Highveld's Vision: To be a highly profitable metals company and by so doing to provide long term benefits to stakeholders and the communities within which we operate.

History of Highveld Steel and Vanadium Corporation Limited

Highveld Steel and Vanadium Corporation Limited is one of South Africa's leading vertically integrated producers of steel and steel products, including rolled and flat steel products, and a limited number of finished products, such as steel cages and other enclosures. Highveld is also one of the world's largest producers of vanadium, a rare, soft, corrosion-resistant metal used to strengthen steel. The company produces vanadium products, including vanadium pentoxide and trioxide, both for the export market and for its own production of vanadium steel alloys. Through its Transalloys division, Highveld also produces manganese alloys, most of which is sold as exports. The bulk of the company's production occurs at its main Witbank-region site in Mpumalanga. The company also operates a secondary site at Gauteng. Highveld also produces its own ore for its steel and other production from a mine in Mapochs. Steel and vanadium products represented 70 percent of the group's sales of R 4 billion ($528 million) in 2002, with ferro-alloys contributing 23 percent to sales. The company has been shedding noncore businesses, including its Columbus stainless steel joint venture in 2002 and its Rheem packaging subsidiary in 2003. Listed on the Johannesburg stock exchange, Highveld is held at more than 80 percent by the Anglo American Industrial Corporation.

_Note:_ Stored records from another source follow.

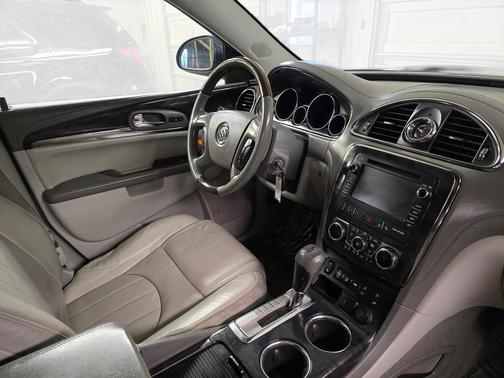 2015 Buick Enclave Premium
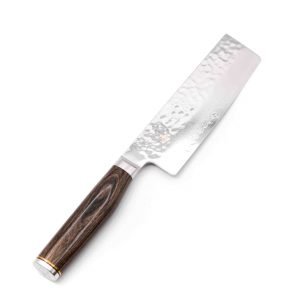 Kai Shun Premier Tim Mälzer Nakiri 15cm - coltellipersonalizzati.com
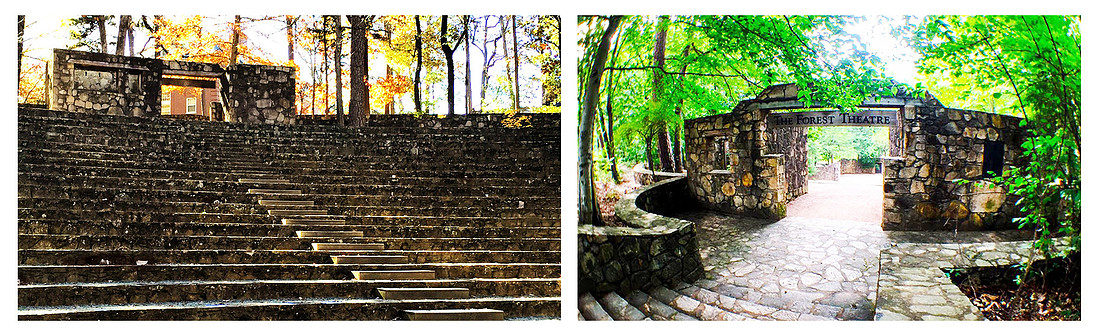 "Forest Theatre", "Chapel Hill", "Chapel Hill NC engagement photos", "Chapel Hill NC Wedding Venues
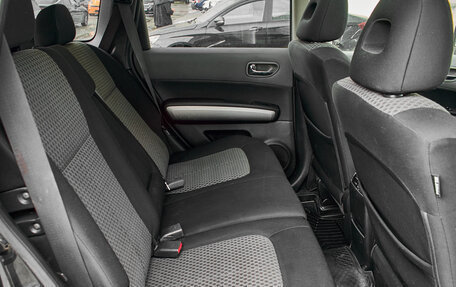 Nissan X-Trail, 2008 год, 24 фотография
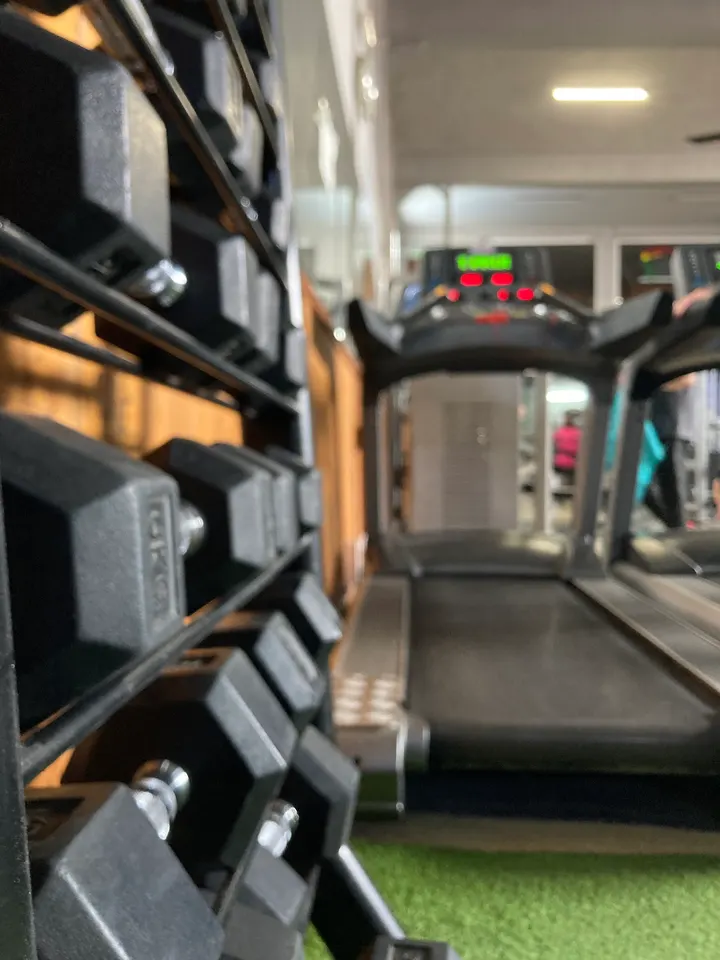 Herca — estudio de fitness-studio en Valencia — 3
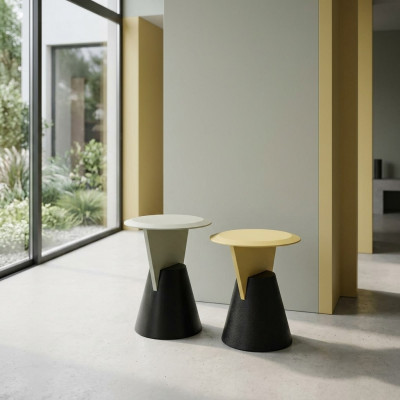 Coffee Tables Wooden Tables Luxury Table New 2-Piece Side Tables Coffee Tables
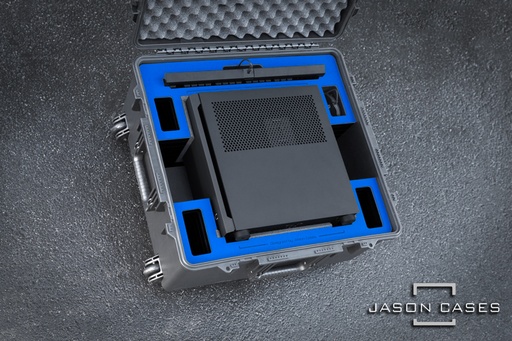 [SDDPCFU] Jason Cases Stream Dudes Dude PC Case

An Anglo Alternative to Iscor in the 1950s

In the late 1950s, South Africa's steel industry remained dominated by the South African Iron and Steel Industrial Corporation, otherwise known as Iscor. Created by the South African government in the late 1920s in part to reduce the country's reliance on imported steel, Iscor remained a government holding. With the rise to political power of the Afrikaner-controlled National Party, Iscor, previously operated by the country's English-speaking community, came under the influence of the Afrikaner community, including the secretive Broederbond. Indeed, Iscor played a role in the development of the Apartheid state, providing the steel for the country's arms production after the voluntary boycott of arms imports in the early 1960s. At the same time, Iscor became a central part of the National Party's effort to redress the balance of economic power in South Africa as well, in a largely unsuccessful attempt to place more wealth in the Afrikaner community.

By the end of the 1950s, Iscor had nonetheless been successful in meeting some 70 percent of South Africa's domestic steel needs. This dominant position made entry into the country's steel market difficult, mostly because of Iscor's decidedly Afrikaner influence. During that decade, however, a number of companies, especially foreign businesses, had entered the South African steel and steel products market, in part to gain access to the country's vast mineral wealth.

Among these companies was Minerals Engineering Co. of South Africa. A subsidiary of Minerals Engineering of Colorado, controlled by the Rockefeller family, the new company set up a plant in Witbank in 1957 to produce vanadium pentoxide. Minerals Engineering Co. targeted its production at the U.S. market. At the time, use of vanadium remained somewhat limited to highly specialized products, such as high-speed steel tools and heat-treated engineering components. The relatively small market, coupled with high production costs, led to Minerals Engineering's decision to sell off the subsidiary by 1959.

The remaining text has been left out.